活版印刷紀行

いまはほとんど姿を消した「活版印刷」ゆかりの地をゆっくり探訪したり、印刷がらみの話題を提供します。

五島の堂崎教会にて

2011-07-12 17:35:55 | 活版印刷のふるさと紀行
 教会の前で食べ物の話は不謹慎と承知はしていますが五島牛の味は
松阪にひけはとりません。
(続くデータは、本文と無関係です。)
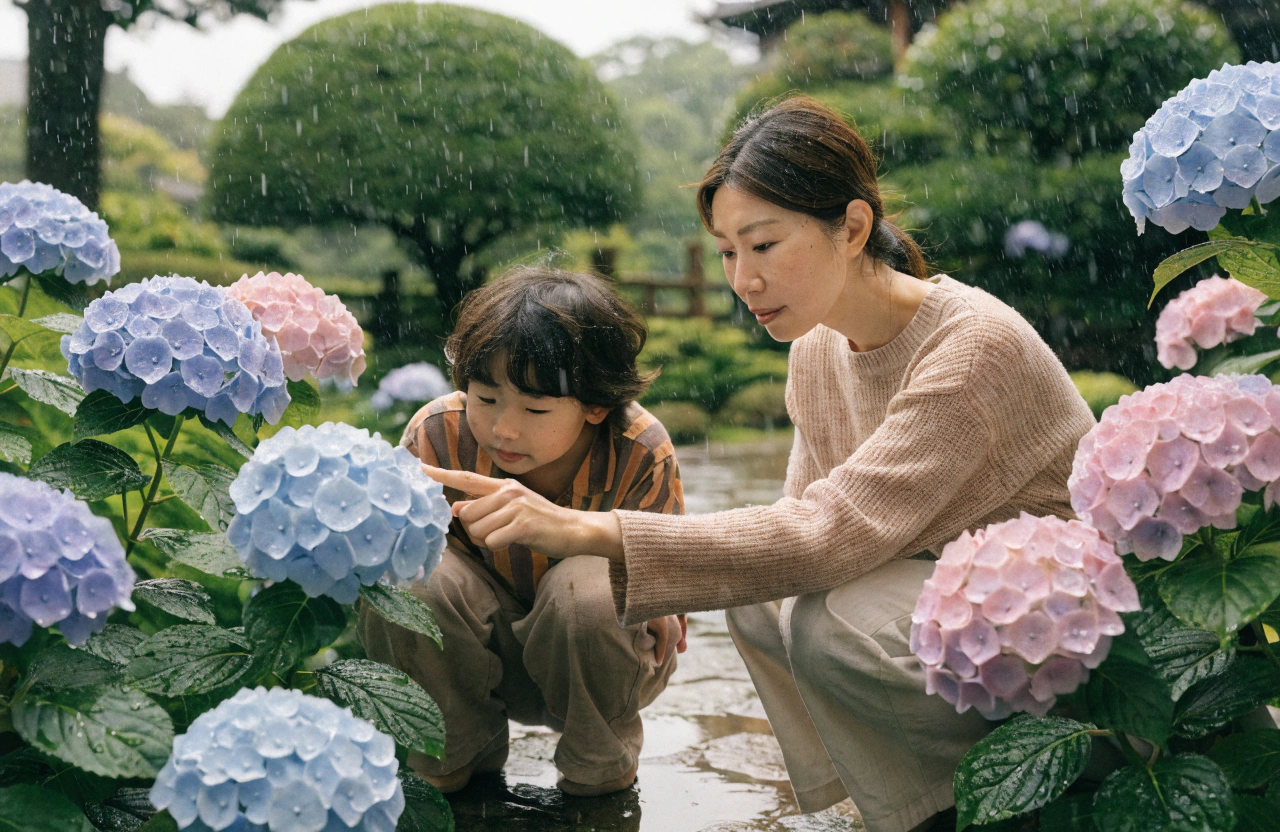 image generation 梅雨の薄曇りの日本の庭園で、30代の日本人女性と小学生の子どもが並んでしゃがみ込み、咲いたばかりのガクアジサイを近くで観察している場面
炉端で焼いた串焼きに五島の柚子胡椒をつけて
頬張ると思わず「シアワセ」。

 五島にもカラスが朝早く道路に群れていて、こちらはややガッカリ。
五島列島の教会めぐりは人気ツアーのひとつですが、堂崎教会でイルマン・
ロレンソの布教の種まき時代から弾圧時代、そしてこの教会ができた明治の
復活時代まで五島のキリシタンの歩みを資料館でひも解くのは勉強になりま
す。

 明治6年の解禁からわずか4年後に神父が常駐するようになり、隠れキリ
シタンがこぞって信仰を復活させた島、最初に教会を建てたマルマン神父、
いまもゴチックの天主堂の荘厳さを伝えてくれる明治12年にペルー神父が
手がけた教会建築。この水辺の教会はまだ我々が知らない歴史を秘めていそ
うです。

 堂崎教会は『日本26聖人に捧げられた教会』でもあります。
二十六聖人のひとりに、この五島出身でドラードや四人の少年使節よりも
10年ほどあとに生まれた聖ヨハネ五島がおります。小さいうちに長崎に出て
セミナリヨに入り、志岐のセミナリヨでも学んでいます。志岐は工芸科目が
多かったので、あるいは美術や印刷を履修していたかもしれません。

 不幸にして19歳で大坂でとらえられ、あの二十六人のひとりとして、長崎
まで800キロ、33日間、真冬の行軍を強いられます。多分、とちゅうで耳を
そがれたはずです。西坂で処刑されたのは1597年2月5日ですから、秀吉が
亡くなる1年前、まだ、かろうじてキリシタン版が長崎で印刷されていたころ
です。
 
 堂崎に聖ヨハネ五島の十字架にくくりつけられた像がありますが、19歳と
いう若さのせいか彼の歩んだ道がつまびらかでないのは残念です。